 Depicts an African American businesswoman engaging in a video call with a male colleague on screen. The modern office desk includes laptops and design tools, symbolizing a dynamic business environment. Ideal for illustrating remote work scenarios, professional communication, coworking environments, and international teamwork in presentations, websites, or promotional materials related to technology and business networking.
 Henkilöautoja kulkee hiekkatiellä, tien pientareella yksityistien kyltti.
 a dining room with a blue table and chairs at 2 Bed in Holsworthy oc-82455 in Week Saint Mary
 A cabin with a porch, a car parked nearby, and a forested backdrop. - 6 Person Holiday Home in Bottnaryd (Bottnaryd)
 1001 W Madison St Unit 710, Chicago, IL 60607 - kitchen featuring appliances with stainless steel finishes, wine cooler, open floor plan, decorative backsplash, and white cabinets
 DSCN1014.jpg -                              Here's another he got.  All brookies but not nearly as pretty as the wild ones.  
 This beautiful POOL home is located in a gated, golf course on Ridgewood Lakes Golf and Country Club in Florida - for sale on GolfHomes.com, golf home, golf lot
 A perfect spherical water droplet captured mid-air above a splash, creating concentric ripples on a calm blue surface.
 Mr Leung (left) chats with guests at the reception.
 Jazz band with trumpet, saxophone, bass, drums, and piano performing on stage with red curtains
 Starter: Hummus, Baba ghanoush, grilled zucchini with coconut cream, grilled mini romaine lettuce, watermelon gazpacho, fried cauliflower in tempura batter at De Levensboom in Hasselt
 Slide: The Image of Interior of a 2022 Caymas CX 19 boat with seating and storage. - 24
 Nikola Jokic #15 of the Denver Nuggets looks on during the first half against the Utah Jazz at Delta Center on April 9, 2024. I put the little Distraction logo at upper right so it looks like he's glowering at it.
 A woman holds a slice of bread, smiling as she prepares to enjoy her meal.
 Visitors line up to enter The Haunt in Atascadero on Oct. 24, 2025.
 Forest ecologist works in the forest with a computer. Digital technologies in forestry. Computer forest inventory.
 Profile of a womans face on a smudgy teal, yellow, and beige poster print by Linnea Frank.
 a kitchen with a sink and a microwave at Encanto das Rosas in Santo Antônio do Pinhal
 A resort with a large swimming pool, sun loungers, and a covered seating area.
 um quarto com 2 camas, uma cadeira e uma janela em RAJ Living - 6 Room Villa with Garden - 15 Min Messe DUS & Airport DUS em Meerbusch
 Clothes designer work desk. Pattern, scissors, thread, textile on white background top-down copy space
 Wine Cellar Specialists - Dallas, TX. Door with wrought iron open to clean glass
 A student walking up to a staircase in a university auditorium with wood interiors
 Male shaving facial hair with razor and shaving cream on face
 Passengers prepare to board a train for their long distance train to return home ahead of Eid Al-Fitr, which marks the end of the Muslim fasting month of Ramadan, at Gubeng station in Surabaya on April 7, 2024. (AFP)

---------------

WHAT IS BEING ASKED:
Lines after the one containing "Henkilöautoja kulkee hiekkatiellä, tien" are not wanted; repeat exactly each line above from the first up to and including it.

ANSWER SECTION:
 Depicts an African American businesswoman engaging in a video call with a male colleague on screen. The modern office desk includes laptops and design tools, symbolizing a dynamic business environment. Ideal for illustrating remote work scenarios, professional communication, coworking environments, and international teamwork in presentations, websites, or promotional materials related to technology and business networking.
 Henkilöautoja kulkee hiekkatiellä, tien pientareella yksityistien kyltti.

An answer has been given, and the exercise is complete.